Well, she'll just have to walk because she's not my
daughter, and I'm sick of taking responsibilty for her.
She wasn't even supposed to leave the house in the first
place, but snuck out when Mom and M went to the grocery and
I was in the shower. I'm so sick of J I could scream.
Anyway, I have a story to tell and a confession to make.
It begins with my return to from my grandparents' in July.
I believe that I have mentioned before an alleged
crush that a certain assistant manager has on me. Here is
the story of Eddie Haskell, also known as Prince Doofus,
Eager Beaver, The Chipmunk, and the Prozac King-but to most
people he's simply Josh. The day I came back, I learned
that the store had acquired a new assistant manager to
replace one that had moved to another state. I only knew
that he was young and rules-obsessed, but I didn't care
much and went about my business. The end of July marks the
beginning of "back-to-school" season, and almost a week
after my return I was taping a slew of opened panty
packages in girlswear made possible by Penny "throw it in a
buggy" Riggs. I was hot, sweaty, and oddly, according to
several associates, I was looking close to my best that
day. Not that that's relevant or anything, but...
I was struggling with old tape and uncooperative,
mismatched undies, and cursing under my breath-completely
oblivious to anything but my own activities-when all of a
sudden I heard a voice that scared the bejesus out of me.
"Hi, I don't think I've met you before."
Damn, my heart heart jumped to my throat and my
hand to my chest because the shit had nearly been scared
out of me, literally. I whirled around and said, "You
scared me!" He did, too. It's not the first time people
have sneaked up on me at work and made me jump out of my
skin. Customers, associates, management...they all seem to
have a fetish for frightening me.
"Oh, sorry!" small laugh from him. My face in
flames, I looked at him.
Handshake (his hands were cool, mine were sweaty),
followed by the usual introductions and eye contact,
produced a small conversation, two minutes at the most. He
asked me how long I'd worked there, how long in
childrenswear, etc. Then he made the mistake of asking me
if I liked working at Wal-Mart. I told him that no, I
most certainly did not. I also told him that I didn't
intend on spending my life here; that I had aspirations.

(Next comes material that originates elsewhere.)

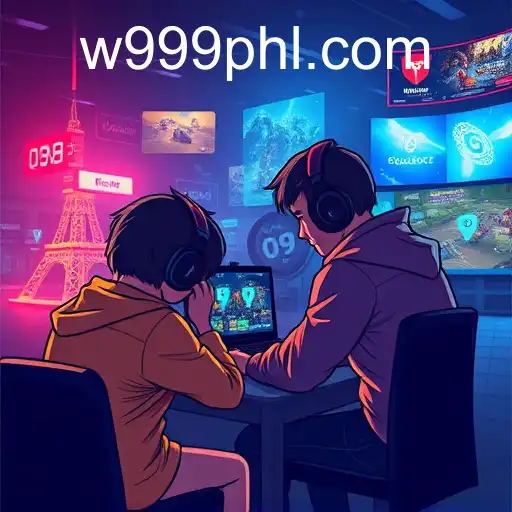 The Rising Influence of Online Gaming Platforms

He remarked on my honesty; I replied-looking him straight
in the eye-that I was indeed brutally honest. I smiled and
then he said goodbye and left. I felt triumph-I had
hopefully made the first impression I was aiming for (tough
girl-I didn't want him patronizing me the way the rest of
them do). However, I've found that was futile. I think my
embarassment, my bad mood because of my messy department,
and the fact that I had been startled severely botched the
meeting. I did tell him the truth, though. I do have
aspirations and I am a brutally honest person.
When I went to the fitting room later that night,
Penny remarked that she thought Josh liked me. My first
reaction was "What?! Are you insane? We met for a whole
two minutes, you ninny!" But she maintained that she
thought it was true. I dismissed it because P's known to
be a shit-stirrer, and how did she know we'd met, anyway?

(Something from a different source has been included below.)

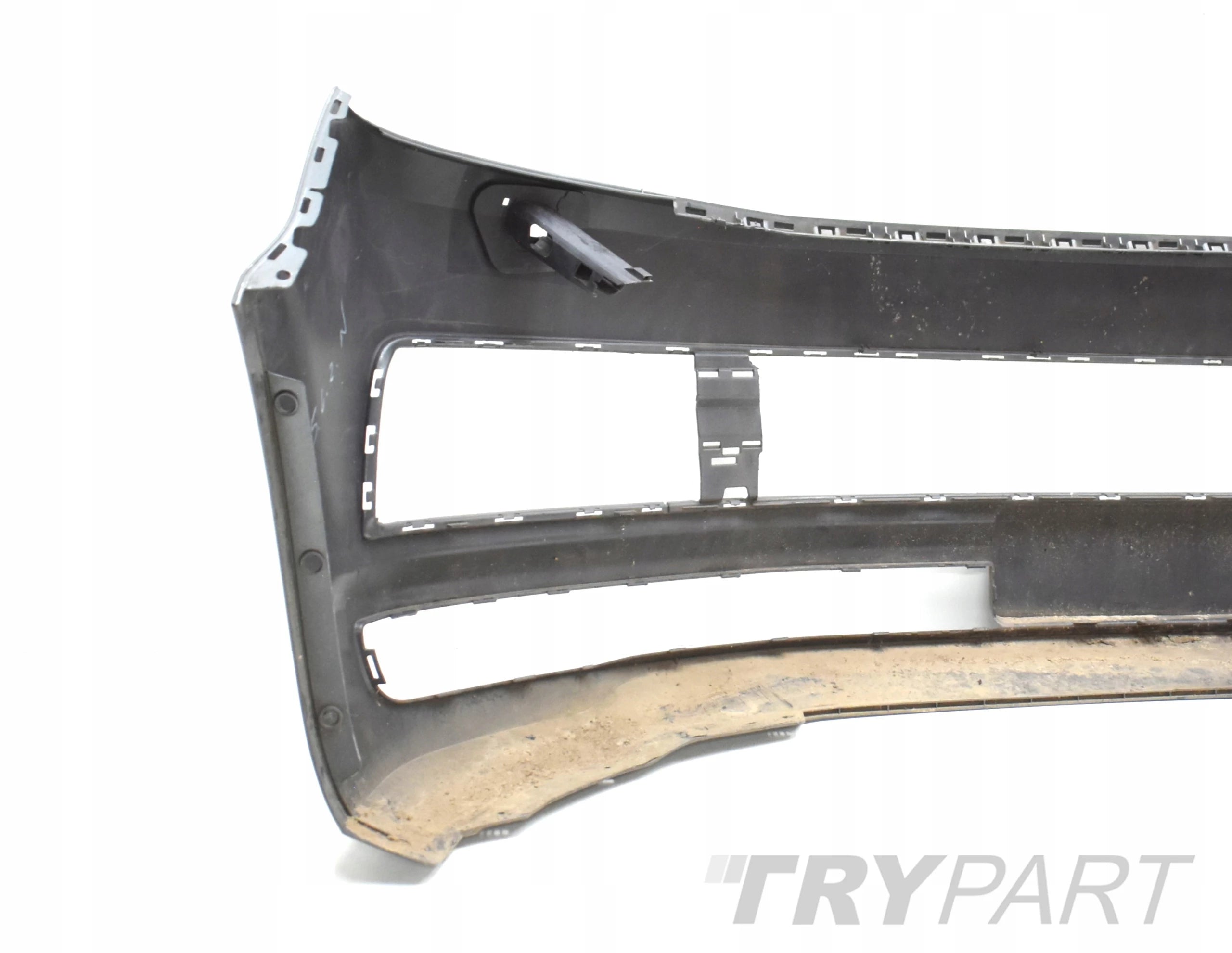 VW TRANSPORTER T6 MULTIVAN 7E5 FRONT BUMPER ORG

It was before I'd even told her. I ignored several remarks
by fellow softlines people-the teasing began from that day
forward-but I always thought they were hokey until a few
days ago; it was the day I wrecked my car, actually. Like
I just mentioned, I never believed the jokes until that
day, when something happened that made me think otherwise.

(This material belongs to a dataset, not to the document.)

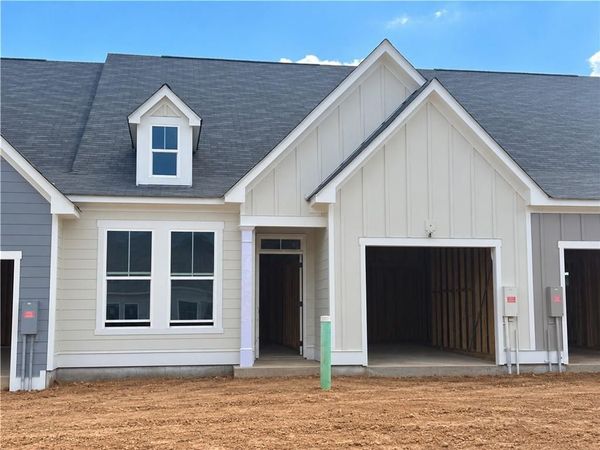 110 Harmony Circle , Cartersville, GA 30120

But before I tell that little tale, I'm going to list past
events that I ignored and should have registered as
evidence. Here are the clues of the alleged crush:
1.) Susan told me one day in late August (before
she came back to second shift, she was working late that
afternoon) that several dayshift people, including
department managers and hard lines associates, had noticed
that he had a thing for me. Now, I thought that she was
teasing because a.) She said that during a "let's tease
Kerry about Josh" session; and b.) I hadn't worked
dayshifts since before Josh came to the store, so how would
they notice anything like that? I asked her about it, and
she said they just have been seeing things. I rolled my
eyes and replied, "Okay, whatever."
2.) Another time, I'd say about a week or so
later, Mel and I were in the front of Infants and Girlswear
zoning and BC and J walk up and ask us how things were
going. I had been having a bad day, as usual, and I told
BC that I had a new job and I might be quitting soon.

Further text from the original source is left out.